Currently, photographers can register an unlimited number of images in a single registration application through the unpublished collection procedure or through the pilot program for registering groups of published photographs online. Starting February 20, 2018, there will be a limit of 750 images per registration, whether it is a group of published images or unpublished images. 

As the notice explains, "Currently applicants may submit an unlimited number of
photographs if they register their works as an unpublished collection, or if they
use the pilot program for published photographs." However, the pilot program for published photographs will end. Further, the Copyright Office will no longer grant registrations to photographers who attempt to register a group of unpublished photographs as an "unpublished collection". Paper registrations of groups of published and unpublished photos will also end. The existing rules will be replaced by the Group Registration of Published Photographs, as well as the Group Registration for Unpublished Photographs. Both will have a limit of 750 images per registration. The copyright office intends to issue tutorials for the new registration process.

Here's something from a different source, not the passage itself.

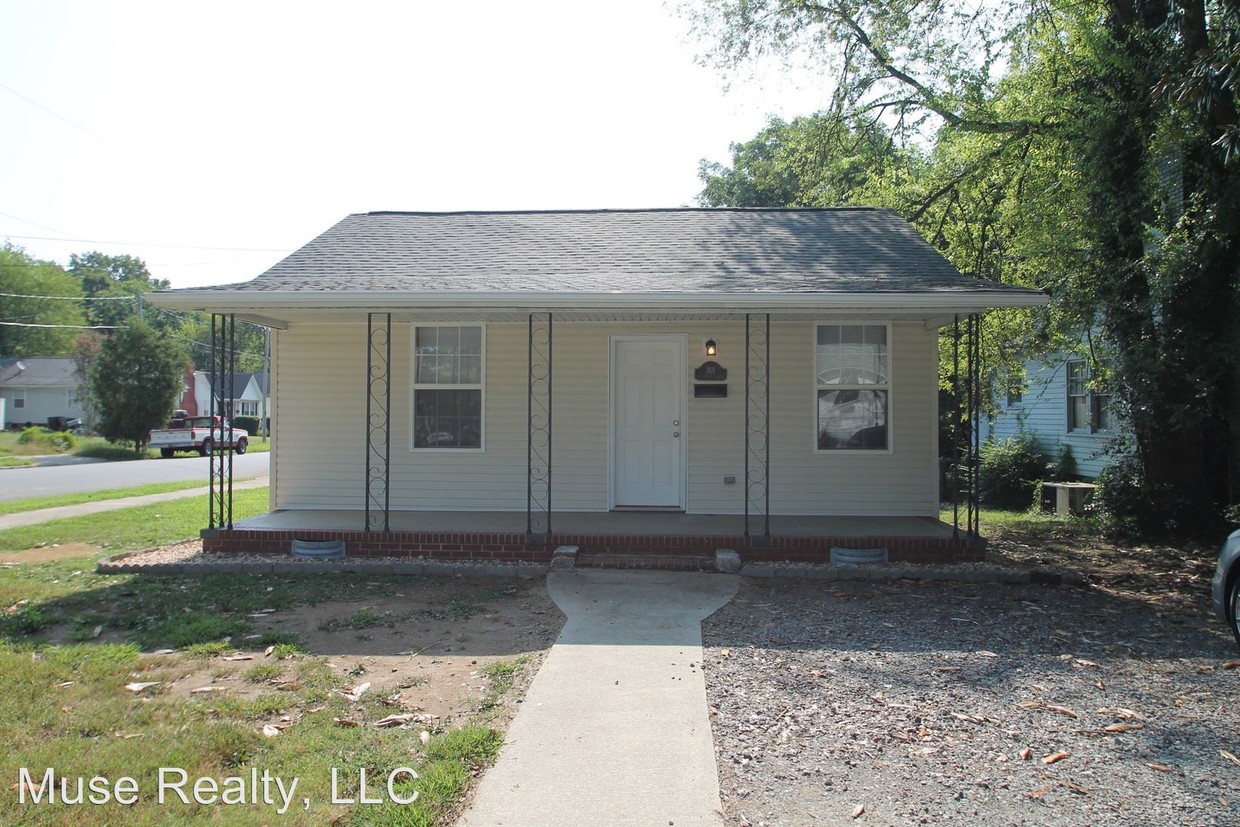 Primary Photo - 3 br, 1 bath House - 301 S Spruce Street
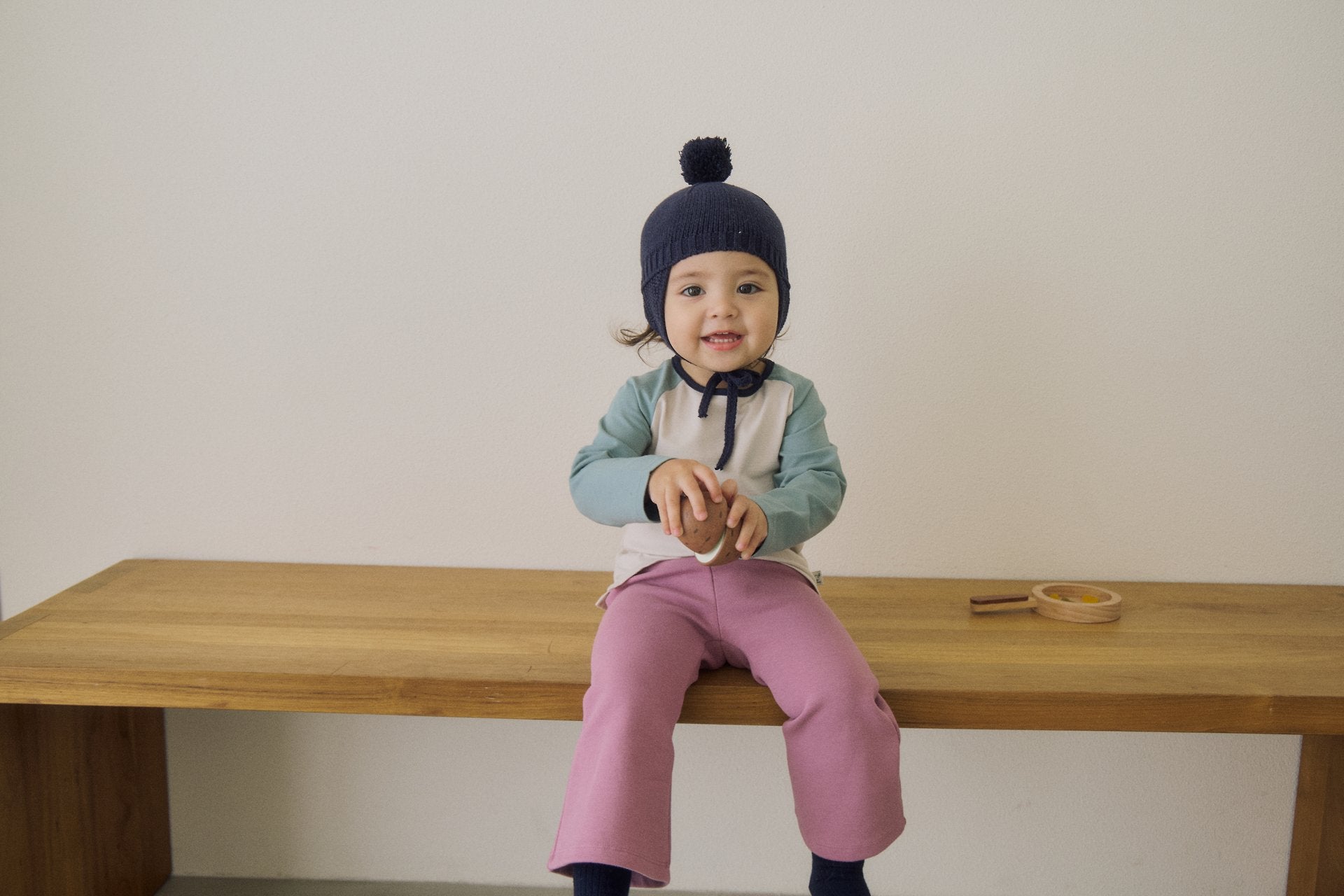 [soye] Shy Bebe Raglan Tee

The Copyright Office charges $55 for online registration. Because the registration will be limited to 750 images, photographers with a large number of images will pay more for multiple registrations rather than the one fee for an unlimited number of images. 

The 750-image limit was strongly opposed in a joint response to the Copyright Office by The American Photographic Artists (APA), American Society of Media Photographers (ASMP), Digital Media Licensing Association (DMLA), Graphic Artists Guild (GAG), North American Nature Photography Association (NANPA), National Press Photographers Association (NPPA), Professional Photographers of America (PPA) and the PLUS Coalition (PLUS). Their response was joined by Shaftel & Schmelzer, and Doniger/Burroughs. These groups are now warning their members about the changes, and the deadline for those who want to take advantage of registration under the old rules.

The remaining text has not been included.